=== Data block ===
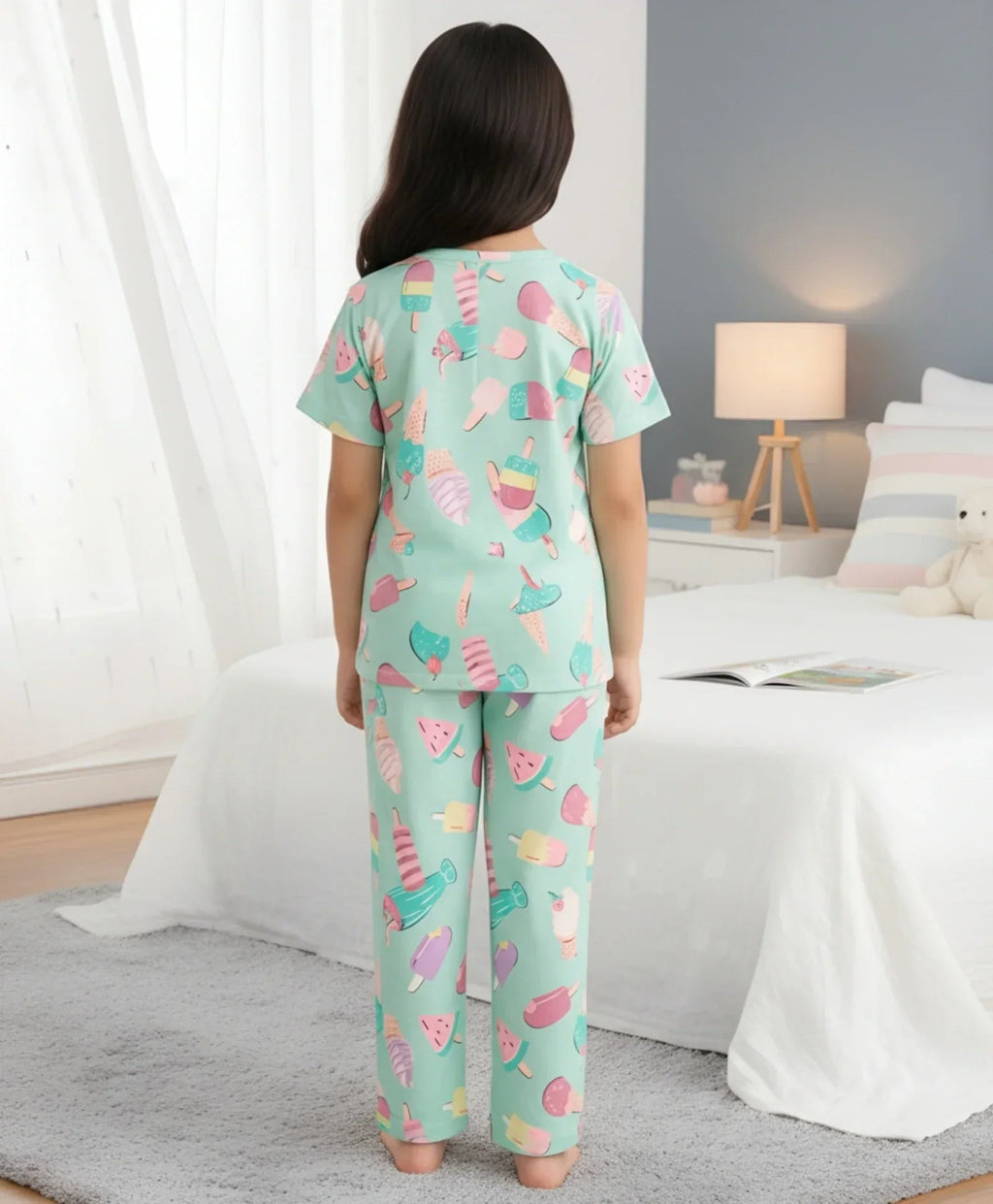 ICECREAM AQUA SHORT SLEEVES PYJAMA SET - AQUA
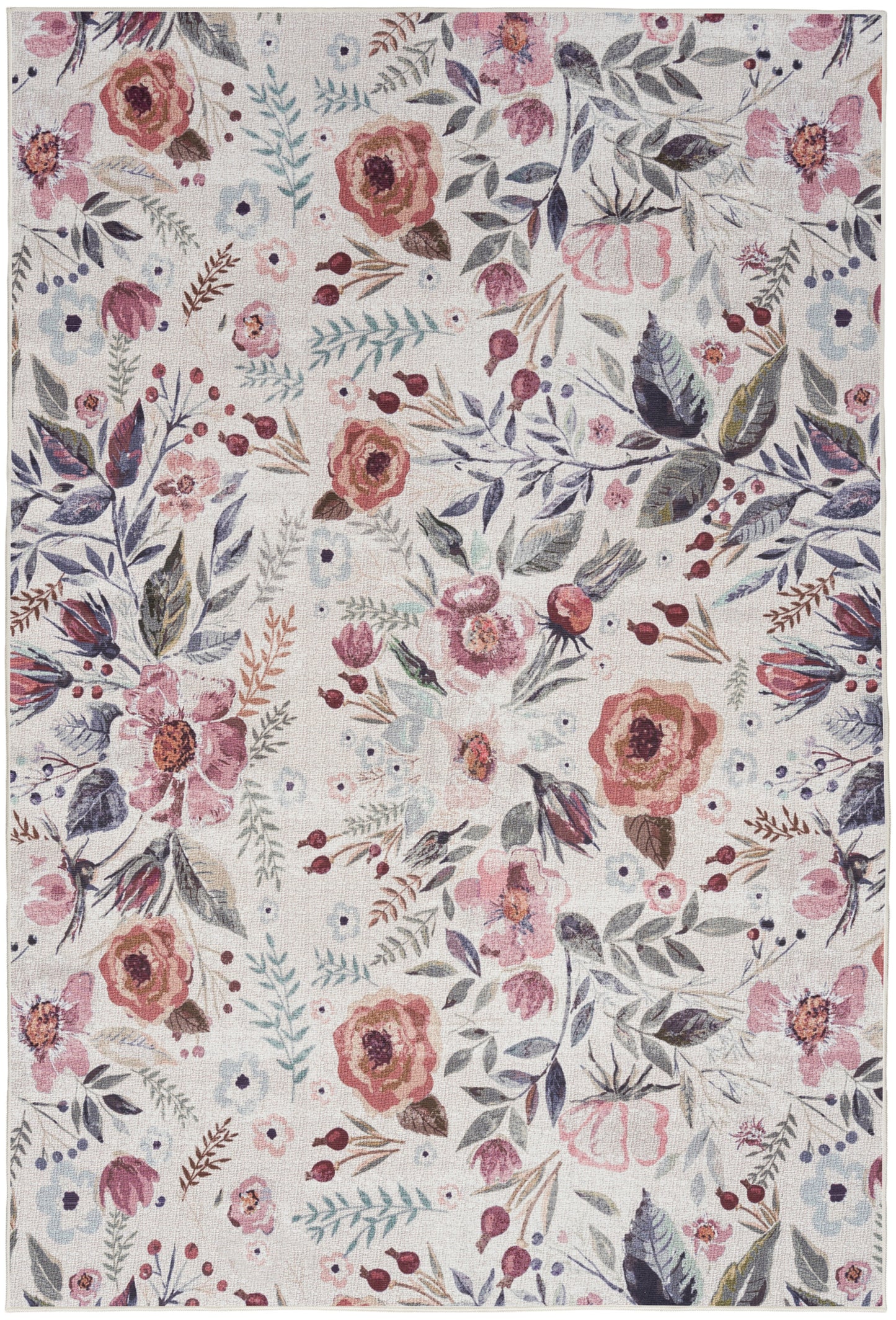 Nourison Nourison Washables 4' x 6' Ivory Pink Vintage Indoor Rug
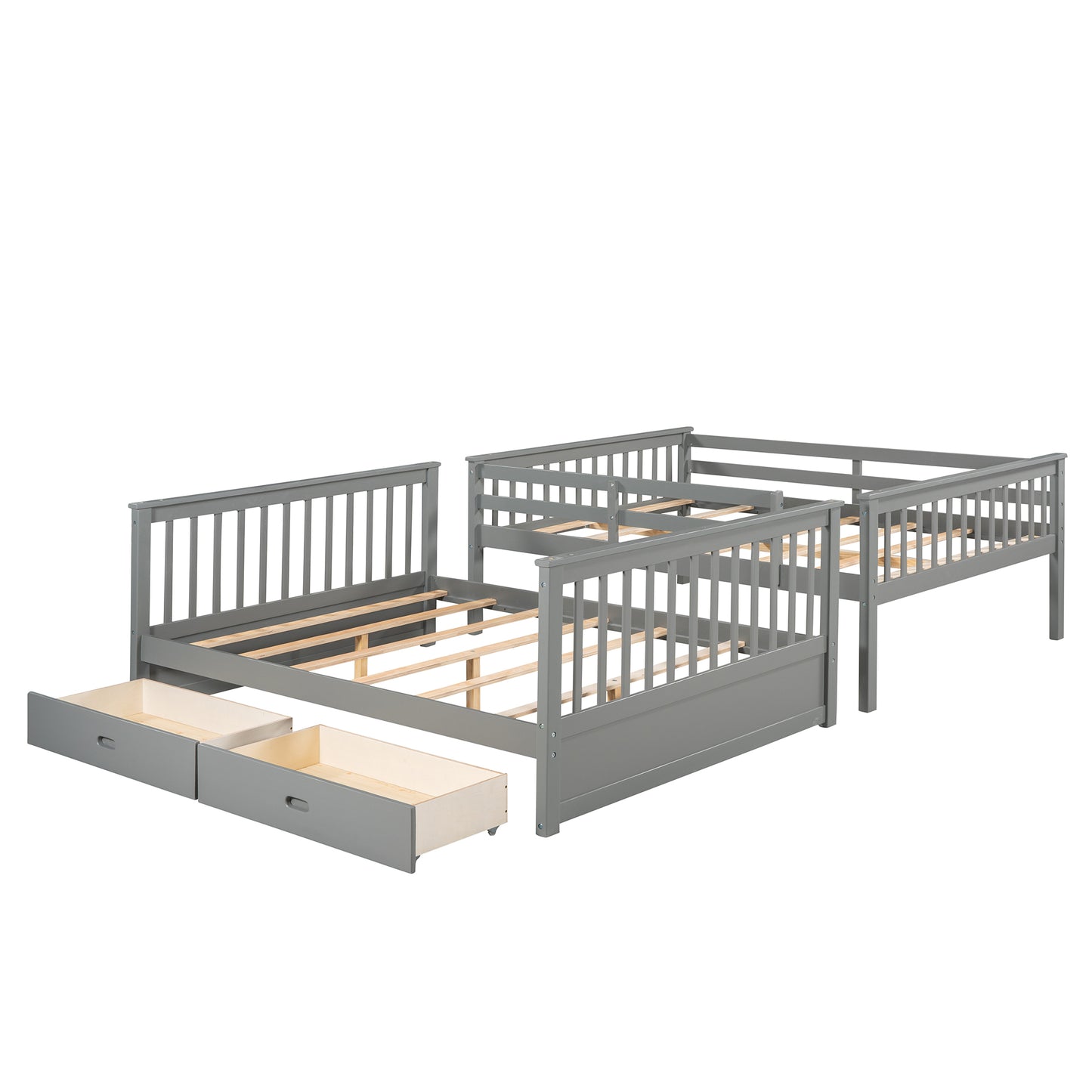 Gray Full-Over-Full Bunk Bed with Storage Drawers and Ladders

=== Your assignment ===
Repeat the data word for word; drop the pictures.

=== Written response ===
 ICECREAM AQUA SHORT SLEEVES PYJAMA SET - AQUA
 Nourison Nourison Washables 4' x 6' Ivory Pink Vintage Indoor Rug
 Gray Full-Over-Full Bunk Bed with Storage Drawers and Ladders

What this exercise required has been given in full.